One argument often touted by sceptical thinkers and debunkers when faced with the implications of crop circle and UFO research - indeed any account of paranormal phenomenon - is that of Occam's Razor.
I thought I'd write this article to try to illustrate the thinking behind this line of attack, the origin of the phrase itself and the various flaws in it's logic.
William of Ockham (as his name was correctly spelt) was born in 1270 and belonged to the Order of Franciscans, an order of friars founded in 1209 by St. Francis of Assisi, who believed in the personal and corporate poverty of it's members. This order has survived as a missionary and charitable branch of the Roman Catholic Church to this day.
He was mainly responsible for the philosophical doctrine of nominalism (those who regard "universals" or abstract concepts as mere names without any corresponding realities) and claimed, in effect, that science is about things whereas logic, philosophy and religion are about terms or concepts (the platonic tradition).
However, his most famous legacy has been "Ockham's Razor" which states "Entia non sunt multiplicanda praeter neccessitatem", or "Entities are not to be multiplied beyond necessity". His actual words were more likely "It is vain to do with more what can be done with fewer" although it amounts to the same effect; If everything in some science can be interpreted without assuming this or that hypothetical entity, there is no ground for assuming it.
Sceptics like resorting to this line of logic because it avoids having to handle any unexplained concepts. To use a common example, namely crop circles....
To apply Ockham's Razor would be to discount the seemingly far-fetched concept that they are made by aliens or some higher intelligence and, instead, opt for the simpler solution that they are all man-made, or hoaxed.
This would seem a sensible, and logical, deduction since if I lose my car keys I automatically apply Ockham's principle and assume I've put them down somewhere I can't remember, rather than some race of aliens have teleported them away.
However, there are a couple of fundamental flaws one can find in it's application to different specific cases.
Firstly, the Razor takes no account of time or epoch when making its cuts. For example, what may sound needlessly complicated today may be simplicity itself tomorrow.
To use an analogy, consider the following example; In the middle ages, had someone demonstrated a modern-day television set one onlooker may have described the experience as spiritual, or the face of God looking out from a mystical casket.
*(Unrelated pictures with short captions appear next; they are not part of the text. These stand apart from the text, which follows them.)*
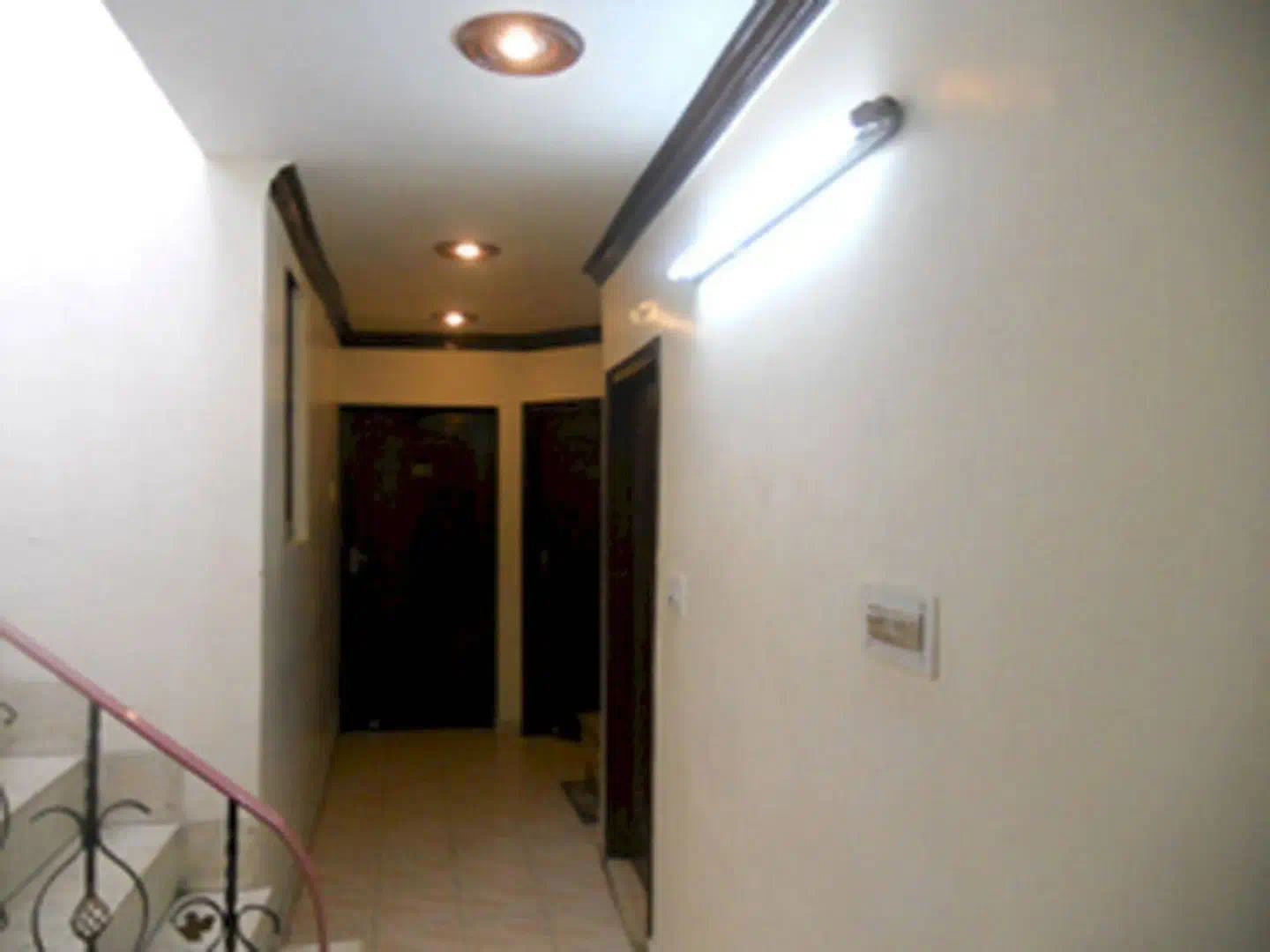 Hotel image 13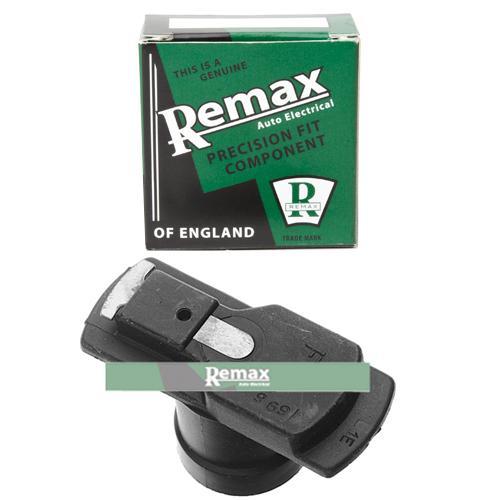 Remax Rotor Arms DS495 - Replaces Intermotor 48203 Fits Hitachi from The Green Spark Plug Remax Rotor Arms DS495 - Replaces Intermotor 48203 Fits Hitachi - The Green Spark Plug Automotive product
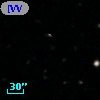 [VV2006] J130123.2+004659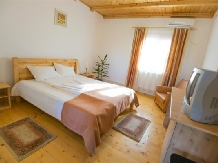 Pensiunea Ara - accommodation in  Apuseni Mountains (11)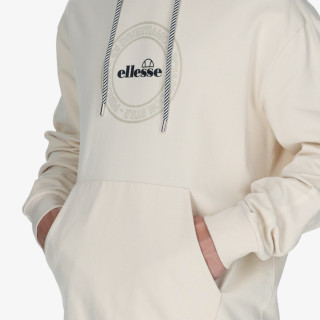 Ellesse ELLESSE MENS HOODY 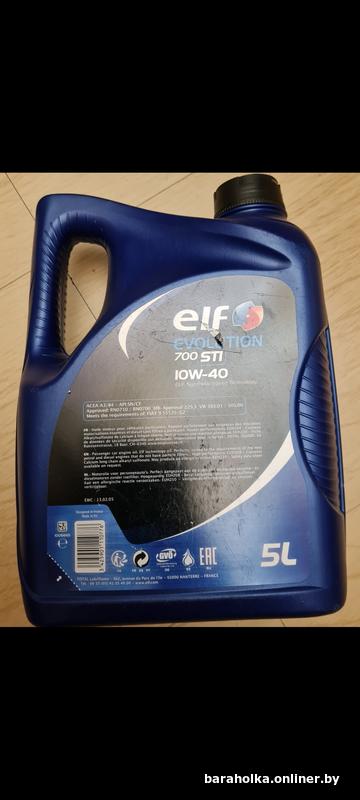 f56ff6b07624dd6c7c572b604ced78e8.jpg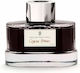 Graf Von Faber-Castell Ανταλλακτικό Μελάνι για Πένα Extra Fine Καφέ 75ml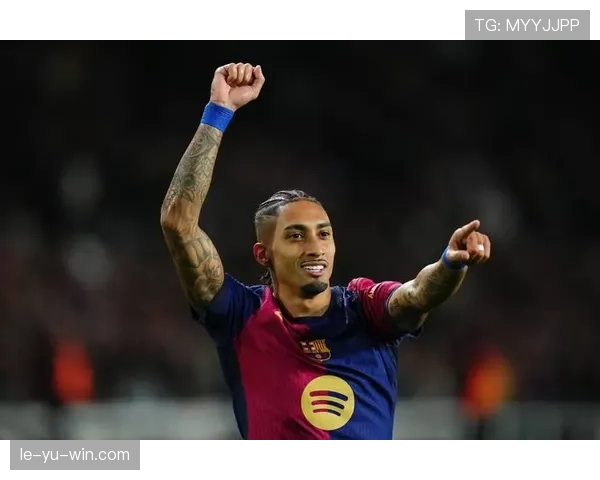 拉菲尼亚伤情更新：巴萨盼其迅速回归，助力状态回暖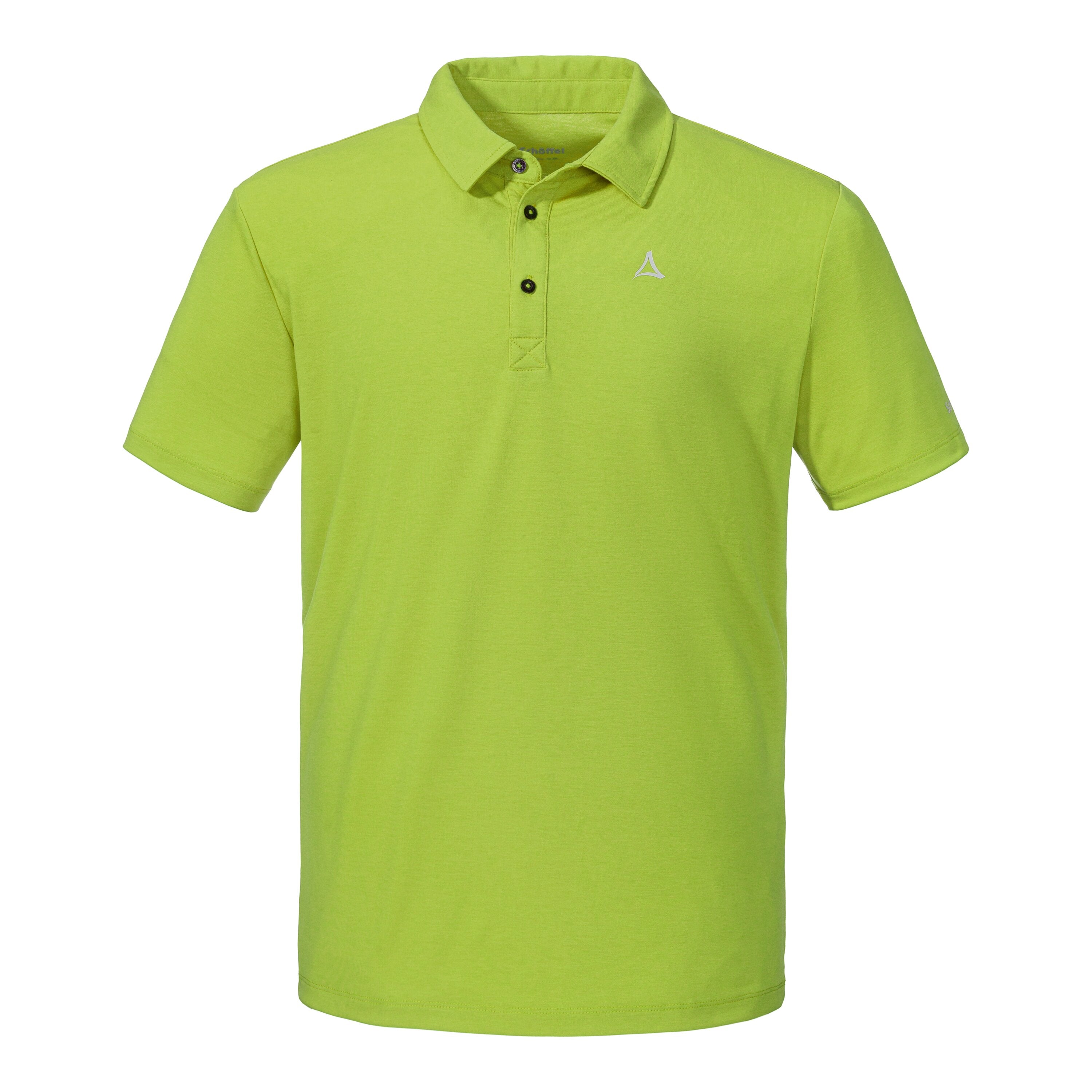 Polo Shirt Vilan M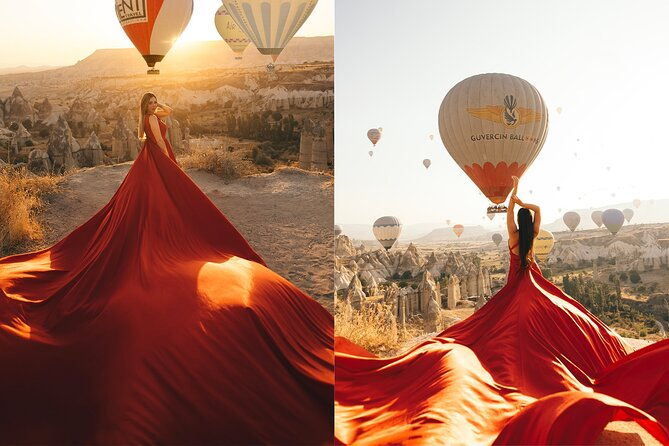cappadocia-photoshooting-with-flying-dress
Had another onlooker described the event as a video and sound recording converted into a form of electromagnetic radiation and transmitted along a piece of bent metal and then hundreds of miles through the air and then decoded and re-formed as a sequence of electrons fired at high speed towards a phosphorus shield known as a cathode ray tube, then I'm sure they would have been dismissed as needlessly complicating matters - and probably also scolded for daring to dismiss the 'vision of God', maybe even punished for heresy.
Just because the more complicated explanation was hard to understand, not even discovered or, dare I say it, unexplained at the time doesn't mean that it should be discounted. This is what science and discovery are about. Exploring all possibilities.
Hoaxing may be the simplest explanation to come to terms with regarding crop circle origins, but should we not leave some room for exploring new research and investigations?
If, for argument's sake, aliens landed their mothership on the White House lawn or Parliament Square and proceeded to create a perfect pictogram in the grass, with hundreds of witnesses, then the hoaxing hypothesis would immediately become the more complicated one - considering that no hoaxers have managed to recreate the complex floor lays, bent nodes, perfect geometry and other aspects of the crop circle mystery - all in the dark of night, making no mistakes and not a single person ever being caught.
To apply Ockham's razor is almost arrogant, assuming that the person wielding the razor is capable of being the judge and jury as to what is the simplest explanation.
Ockham's Razor is at best a subjective comment based on an individual's interpretation of what may or may not be a simple explanation. Who is to say who decides which explanation is the simplest?
I may decide that one particular hypothesis makes more sense than another, which someone else may agree or disagree with.
I may find algebra easy to comprehend whereas another person may find it impossibly hard. Just because someone may find something difficult to comprehend shouldn't mean it should be discounted for others who don't find it a problem.
Sceptics often think that they have a monopoly on scientific thinking and that they are somehow guardians of established thought and teaching.
It is my view that Ockham's Razor itself should be cut away, allowing people to carry on open-minded research, exploring all avenues and possibilities without fear of ridicule or stepping outside the established 'world view'.